Search code examples
databaserelational-databasethird-normal-form

3rd normal form with unique values


I have table USER with schema USER(user_id, email, first_name, last_name, ...). Email is a unique value in my database, user_id is a primary key. So, user_id and email are candidate keys. Does it mean that I have a transitive dependency here (user_id -> email -> (first_name, last_name, ...)) and thus the database is not in NF3?


Solution

  • Noting the Relational Database tag.

    The main problem, that confuses everything, is that there is one Relational Model, and then various nonsense that is promoted by others as "relational".

    1. The one and only original Relational Model by Dr E F Codd.
    • This is a rock-solid definition that has not changed since June 1970, and does not need to change. Truth is permanent, it does not change. It is the basis upon which the commercial platform providers can build their platforms, and have done so in the 1980's.
    1. The Date & Darwen & Fagin version, which is the Record Filing Systems of the 1960's, pre-database as well as pre-Relational: the very thing that the RM replaces. Plus a couple of fragments (not whole concepts) from the Relational Model. Promoted and marketed heavily as "relational", which is not correct.
    • This is a collection of fragments, that is forever changing. They are now up to several "relational algebras"; 17 abnormal "normal forms" (they have changed the original Normal Forms to suit their own purposes); etc.

    • The following terms do not exist in the Relational Model, they are terms used to elevate the fragments in their RFS to obtain a little bit of relational appearance.

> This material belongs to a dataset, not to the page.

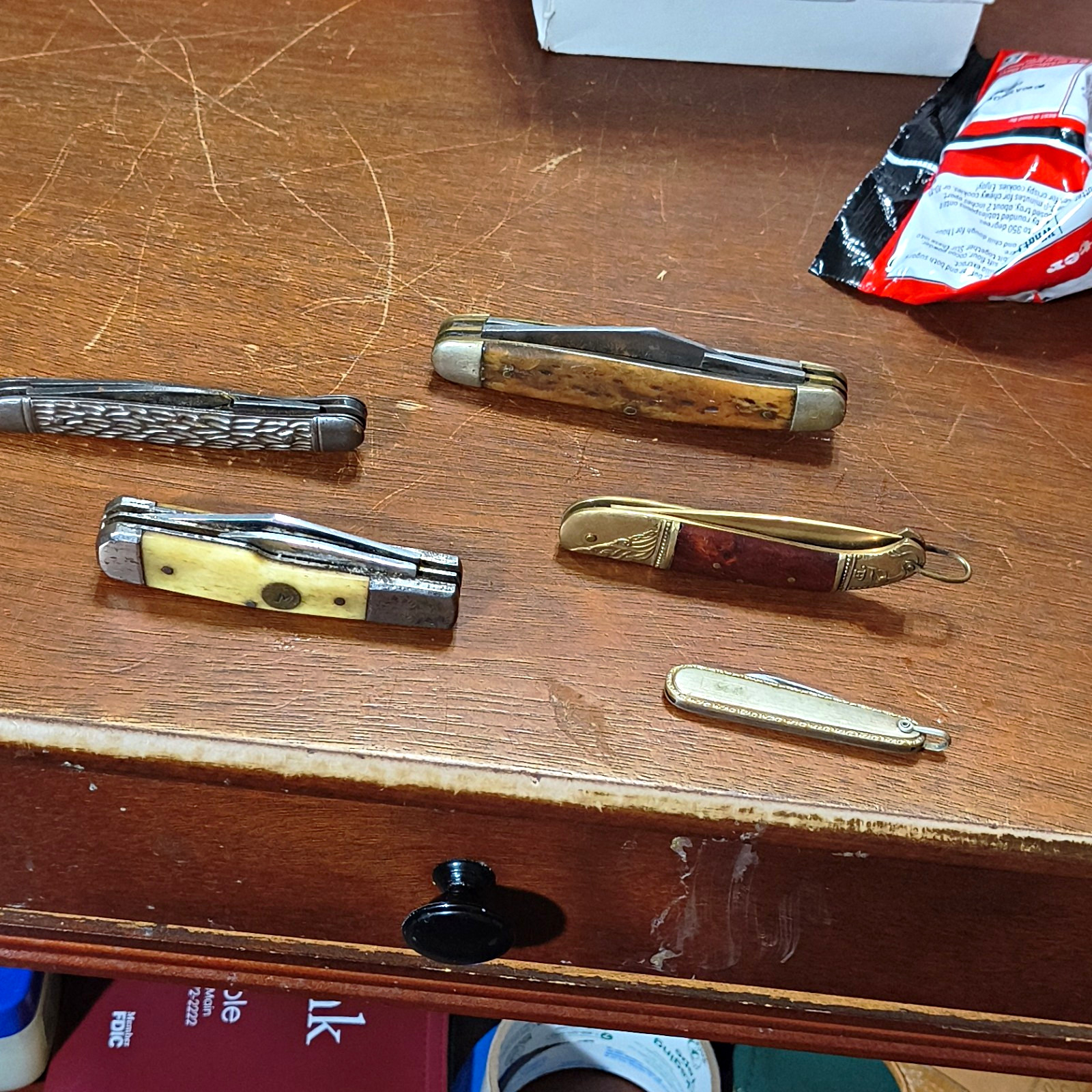 Vintage pocket knives Lot Vintage pocket knives Lot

      • "transitive dependence"
      • "candidate keys"
    • 1960's RFS are characterised by a Record ID (yours is user_id), which is a physical (not logical) pointer. This is expressly prohibited in the RM, which is logical, and breaks away from the pointer-based systems that preceded it.

    • The central difference (not the only difference) between the 1960's RFS and the RM is, whereas the RFS the relates physical record using physical pointers such as Record ID, the RM relates logical rows of data (not records) using natural Keys that occur in the data.

    • The non-commercial platform providers that arose in the 1990's typically make reference to these additions, or supply provisions that are prohibited in the RM, and sometimes provide features to ease the pain caused by them.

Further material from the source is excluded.